Mycoplasma pneumoniae IgG
To detect chronic infection caused by Mycoplasma pneumoniae or previous contact with the causative agent. Mycoplasma pneumoniae IgG titre rises later, after 3-4 weeks.
The IgG antibody test against Mycoplasma pneumoniae is used to detect mycoplasma infection. IgG antibody titres rise after 3-4 weeks. from the start of infection. During an acute infection, antibody levels exceed the normal range by 4-5 times. IgG antibodies are reduced after infection, but can still be detected in serum for several years.
To diagnose and confirm a mycoplasma infection, the test should be repeated after 2-3 weeks. since the first test to assess antibody dynamics and changes in the body.
Mycoplasma pneumoniae is an airborne droplet that infects the mucous membranes of the respiratory tract. These infections can cause pharyngitis, laryngitis and sinusitis. A dry, persistent cough is the most common symptom of these infections. Not everyone with mycoplasma and chlamydia in their nasopharynx will get sick – it depends on the body’s resistance – but they can infect others.

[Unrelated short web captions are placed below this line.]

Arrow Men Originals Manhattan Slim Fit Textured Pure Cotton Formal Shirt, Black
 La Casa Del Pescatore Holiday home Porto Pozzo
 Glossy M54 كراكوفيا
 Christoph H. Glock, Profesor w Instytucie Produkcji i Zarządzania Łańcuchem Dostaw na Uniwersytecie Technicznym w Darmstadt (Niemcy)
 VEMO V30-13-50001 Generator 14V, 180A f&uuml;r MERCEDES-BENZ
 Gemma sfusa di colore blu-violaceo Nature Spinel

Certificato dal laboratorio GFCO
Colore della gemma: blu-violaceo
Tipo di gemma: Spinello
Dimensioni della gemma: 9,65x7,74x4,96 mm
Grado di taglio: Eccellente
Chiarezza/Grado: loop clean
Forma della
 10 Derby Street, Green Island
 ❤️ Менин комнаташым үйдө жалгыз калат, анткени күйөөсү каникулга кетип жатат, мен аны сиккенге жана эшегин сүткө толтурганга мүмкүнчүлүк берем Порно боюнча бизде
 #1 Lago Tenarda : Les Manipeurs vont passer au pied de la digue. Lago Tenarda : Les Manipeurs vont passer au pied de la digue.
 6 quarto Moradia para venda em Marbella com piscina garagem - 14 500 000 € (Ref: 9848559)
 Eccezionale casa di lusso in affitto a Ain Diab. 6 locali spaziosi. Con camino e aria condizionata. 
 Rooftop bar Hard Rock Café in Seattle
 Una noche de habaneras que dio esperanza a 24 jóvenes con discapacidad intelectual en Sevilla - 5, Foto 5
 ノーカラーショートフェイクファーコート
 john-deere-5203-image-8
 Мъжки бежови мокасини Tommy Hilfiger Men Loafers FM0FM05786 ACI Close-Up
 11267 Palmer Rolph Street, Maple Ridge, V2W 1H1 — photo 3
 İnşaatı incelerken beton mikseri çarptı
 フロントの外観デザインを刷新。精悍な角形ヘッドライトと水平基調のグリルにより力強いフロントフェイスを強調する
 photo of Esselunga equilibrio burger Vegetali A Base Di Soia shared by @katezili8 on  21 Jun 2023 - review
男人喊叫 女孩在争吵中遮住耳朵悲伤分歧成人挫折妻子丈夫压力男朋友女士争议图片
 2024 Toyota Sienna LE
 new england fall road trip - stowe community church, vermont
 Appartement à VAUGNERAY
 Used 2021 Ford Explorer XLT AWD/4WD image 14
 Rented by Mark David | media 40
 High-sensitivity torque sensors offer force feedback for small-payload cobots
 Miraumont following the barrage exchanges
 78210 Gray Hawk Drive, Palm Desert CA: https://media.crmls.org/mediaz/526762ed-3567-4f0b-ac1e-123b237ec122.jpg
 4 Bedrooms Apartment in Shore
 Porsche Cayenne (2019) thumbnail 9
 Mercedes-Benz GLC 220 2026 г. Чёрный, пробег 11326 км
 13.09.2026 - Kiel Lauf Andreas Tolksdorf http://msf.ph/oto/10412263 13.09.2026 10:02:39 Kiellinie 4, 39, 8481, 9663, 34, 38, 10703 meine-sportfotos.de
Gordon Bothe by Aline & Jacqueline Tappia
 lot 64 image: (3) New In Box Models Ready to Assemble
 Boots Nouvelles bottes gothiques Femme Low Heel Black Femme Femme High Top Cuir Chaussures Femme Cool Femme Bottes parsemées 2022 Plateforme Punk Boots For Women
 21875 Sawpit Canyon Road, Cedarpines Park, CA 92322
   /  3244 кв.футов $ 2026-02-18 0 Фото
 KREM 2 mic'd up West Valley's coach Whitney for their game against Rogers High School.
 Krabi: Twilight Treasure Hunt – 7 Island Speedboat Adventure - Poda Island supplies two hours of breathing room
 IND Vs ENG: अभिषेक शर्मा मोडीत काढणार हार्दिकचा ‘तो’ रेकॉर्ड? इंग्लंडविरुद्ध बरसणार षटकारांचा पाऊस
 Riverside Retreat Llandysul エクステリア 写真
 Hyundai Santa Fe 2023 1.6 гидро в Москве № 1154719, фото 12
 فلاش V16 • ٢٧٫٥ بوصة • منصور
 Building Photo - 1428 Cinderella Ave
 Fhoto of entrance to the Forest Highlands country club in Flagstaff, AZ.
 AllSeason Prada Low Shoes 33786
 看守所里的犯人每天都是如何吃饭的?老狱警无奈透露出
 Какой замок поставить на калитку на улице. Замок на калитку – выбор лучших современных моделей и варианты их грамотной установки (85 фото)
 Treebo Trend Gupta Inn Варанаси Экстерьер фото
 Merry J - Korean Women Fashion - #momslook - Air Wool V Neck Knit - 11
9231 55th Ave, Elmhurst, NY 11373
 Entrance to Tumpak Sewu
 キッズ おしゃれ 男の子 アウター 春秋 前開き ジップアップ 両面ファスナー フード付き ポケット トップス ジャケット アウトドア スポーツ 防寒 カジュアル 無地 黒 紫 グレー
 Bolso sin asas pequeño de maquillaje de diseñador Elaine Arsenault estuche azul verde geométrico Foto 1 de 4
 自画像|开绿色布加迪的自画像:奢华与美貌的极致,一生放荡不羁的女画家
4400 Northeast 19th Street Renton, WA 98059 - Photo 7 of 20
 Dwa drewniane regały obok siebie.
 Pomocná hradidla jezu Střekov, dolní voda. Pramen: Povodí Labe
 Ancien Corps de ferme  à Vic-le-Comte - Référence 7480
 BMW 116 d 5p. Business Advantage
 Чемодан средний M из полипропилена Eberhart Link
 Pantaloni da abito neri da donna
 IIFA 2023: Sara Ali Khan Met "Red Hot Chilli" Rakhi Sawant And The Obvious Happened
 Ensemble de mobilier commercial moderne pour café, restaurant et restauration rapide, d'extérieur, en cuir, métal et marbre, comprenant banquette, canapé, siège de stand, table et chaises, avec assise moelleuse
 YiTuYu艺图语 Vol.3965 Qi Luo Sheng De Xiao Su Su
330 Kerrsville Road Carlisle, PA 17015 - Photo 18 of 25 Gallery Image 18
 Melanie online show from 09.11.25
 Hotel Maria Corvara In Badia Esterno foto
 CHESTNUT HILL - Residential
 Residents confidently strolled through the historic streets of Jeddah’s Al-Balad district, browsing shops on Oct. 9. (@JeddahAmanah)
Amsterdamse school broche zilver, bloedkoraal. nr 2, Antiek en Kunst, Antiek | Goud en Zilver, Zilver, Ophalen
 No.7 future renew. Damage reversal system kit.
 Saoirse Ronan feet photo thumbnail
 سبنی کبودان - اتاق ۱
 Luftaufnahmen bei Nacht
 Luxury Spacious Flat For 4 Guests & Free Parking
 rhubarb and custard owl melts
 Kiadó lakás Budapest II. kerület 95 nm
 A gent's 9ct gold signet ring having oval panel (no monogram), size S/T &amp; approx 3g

Antibodies in the blood appear later than IgM antibodies, 3-4 weeks after infection. Mycoplasma pneumoniae IgG antibodies are produced in the event of a re-infection.
Mycoplasma pneumoniae is a small bacterium transmitted via organism-containing droplets.
It is a cause of upper respiratory infection, pharyngitis, and tracheobronchitis, particularly in children, and has been associated with approximately 20% of cases of community-acquired pneumonia. Central nervous system and cardiac manifestations are probably the most frequent extrapulmonary complications of infections due to M pneumoniae. The disease is usually self-limited, although severe disease has been reported in immunocompromised patients.
Identification of M pneumoniae by culture-based methods is time consuming and insensitive. Serology-based assays for M pneumoniae have several drawbacks. The development of IgM antibodies takes approximately 1 week and the IgM response in adults may be variable or it may be decreased in immunosuppressed individuals. Confirmation of the disease is dependent on the observation of a 4-fold rise in IgG antibody titers between acute and convalescent specimens, several weeks following the initial onset of illness, providing clinical utility only for retrospective testing. Real-time PCR offers a rapid and sensitive option for detection of M pneumoniae DNA from clinical specimens allows for diagnosis of acute or current infection.